Schuldig was hij, als telg uit een geslacht dat werd geplaagd door zelfmoord, echtbreuk en incest. Schuldig, met een aange boren misvormde voet liep hij al mank als de duivel. Het ene moment scheen hij mooi en charmant als een engel, het andere duister en kwaadaardig als een demon. Veel te witty en veel te scherp van tong was hij, iets klopte er niet. Sinds hij op zijn elfde plotseling lord werd, hoorde hij bij niemand. Te hoog voor het volk, te armlastig voor de adel. Zijn eigen Byronic hero was hij, veroordeeld om het leven te leiden van de buitenmaatschappelijke held. De details werden gevierd op straat, tussen de marktkramen en in de kolommen van de krant. De eerste volksheld van de nieuwe, populaire romantische cultuur was een man die zoop, naaide, gokte, drugs gebruikte en flirtte met het kwaad, die alles deed wat de maatschappelijke orde had verboden. De omgekeerde wereld, dat was hij.

Geen andere kroon op zo'n leven dan een spectaculair eind. Was in Griekenland Byrons dood nog enigszins saai geweest — «Nu wil ik slapen», zei hij, rolde zich op zijn zij, sloot de ogen en stierf —, zijn uitvaart werd een spektakel deze eerste superster van de moderne tijd waardig. Drie maanden na zijn dood in april 1824 voer zijn zeilschip de Theems bij Londen op. Onder aan de mast vochten Byrons grote honden — de hounds from hell — hun wilde spel, in het ruim bevond zich het lichaam van de meester, geflankeerd door urnen met daarin zijn hart, longen en hersenen. Geconfronteerd met het legendarische genie hadden Griekse dokters zich niet kunnen inhouden en trachtten te ontdekken of achter zo'n intellect een fysiologisch geheim schuilging.

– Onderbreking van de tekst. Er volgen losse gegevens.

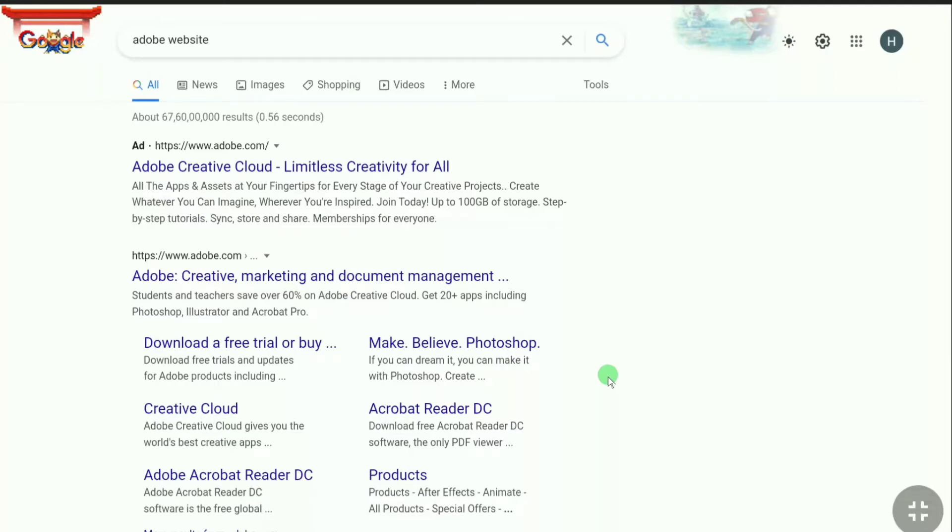How to make an Adobe account. In this video I'm going to show you how you can create an Adobe ID so that you can easily sign in to Photoshop, Illustrator, InDesign, Lightroom, and all software services and apps of Adobe.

In de Engelse kranten zou de volgende dagen driftig gespeculeerd worden over de uitzonderlijke dikte van de schedel en de boven modale inhoud van de longen. Maar wat vervolgens te doen? Enkele jaren eerder had de roekeloze Byron, geplaagd door schuld eisers en schandalen — van echtscheiding en zedeloos gedrag tot incest aan toe — Engeland verlaten. Niets moest hij toen meer hebben van «het benauwde eilandje». Wat moest het door hem murw geprovoceerde establishment nu in hemelsnaam aan met het lichaam van deze legende, die bij vertrek nog door een haag bewonderaars te Dover was uitgezwaaid, waarbij, zo wist iedereen te vertellen, de vrouwen zelfs verkleed als kamermeisje zijn laatste hotelkamer waren binnengedrongen.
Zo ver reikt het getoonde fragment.